Dispenza called all of the allegations false.
Wronski declined to be interviewed about the case.
Trial's pivotal moment
The State Supreme Court jury never got the chance to deliberate on the competing claims.
That's because a key witness whose testimony was supposed to clinch the case for the insurance company all but sealed it for Dispenza.
James J. O'Neill, a former Buffalo firefighter who has been a fire investigator since 1987, was hired by United Frontier Mutual.
According to trial transcripts, O'Neill testified that he considered the fire suspicious from the start, and he eventually concluded Dispenza set the blaze.
O'Neill said he met with the Niagara County District Attorney's Office and a state Insurance Department fraud investigator in 2015 to discuss whether criminal charges should be filed against Dispenza. No charges were filed.
But United Frontier Mutual relied on O'Neill's report to reject Dispenza's insurance claim in May 2015.
The fire started in a small storage room next to an electrical compressor that had been repaired the day before the fire.
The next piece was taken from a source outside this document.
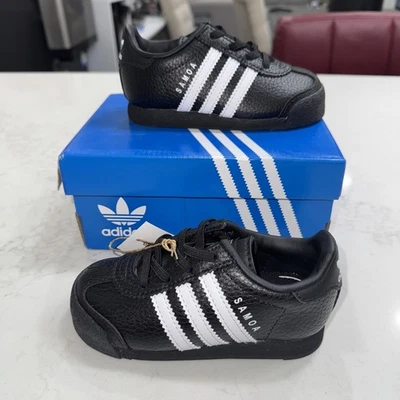 Adidas Samoa I Zapatos Talla 7K Niños Niñas Blanco y Negro Juvenil Unisex Nuevos Foto 1 de 4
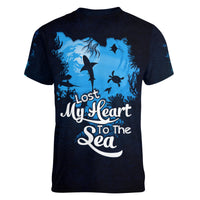 World Ocean Day Women V Neck T Shirt Lost My Heart To The Sea TS07 - Wonder Print Shop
O'Neill said he checked with the repairman and was told the compressor was working fine when he left.
O'Neill said he hired an electrical engineer to check the compressor, and the engineer ruled out an electrical cause for the fire.
Petonio testified that a laboratory analysis she received found "no ignitable liquids" at the scene.
"I couldn't come up with an ignition source," O'Neill testified.
He even looked into spontaneous combustion of animal fat, but he ruled that out, too.
O'Neill said he and Niagara County Fire Investigator Kevin Schrader concluded the fire started on a shelf attached to the wall separating the shelves from the compressor. O'Neill said the burn pattern he found on the wall showed signs of being the spot of the most intense fire.
"There was a human element involved, and it was intentionally set," O'Neill concluded.
Then Eric M. Soehnlein, Dispenza's attorney, began cross-examining O'Neill.
Using photos of the fire scene, Soehnlein established that the intense burn pattern actually was located on the opposite wall from where O'Neill said it was.
"It's not behind the shelf like you testified about earlier?" Soehnlein asked.
"No, it's not," O'Neill acknowledged.
"That was pretty key to your analysis here, wasn't it?" Soehnlein asked.
"Yes, but ..." O'Neill said.
Soehnlein interrupted, "But that was wrong, right?"
After O'Neill left the stand, Soehnlein asked Justice Henry J. Nowak to order a directed verdict in Dispenza's favor. Soehnlein argued that O'Neill's mistake meant that the insurance company couldn't produce clear and convincing evidence of arson.
"I don't think any rational juror could conclude that United Frontier could meet its burden," Soehnlein said.
Nowak sent the jury home to give lawyers time to think about their next moves.
The next day, the sides settled the case. The settlement was sealed.
O'Neill declined to speak to The News about the case, saying, "I have nothing to say about that, sir."
Now, Dispenza's Meat Market is back in business.
"When we reopened, people were swarming," Dispenza testified at the trial. "We had to go buy meat from other markets."
And how is business now?
"It's really good. I'm proud of what we've done," Dispenza said.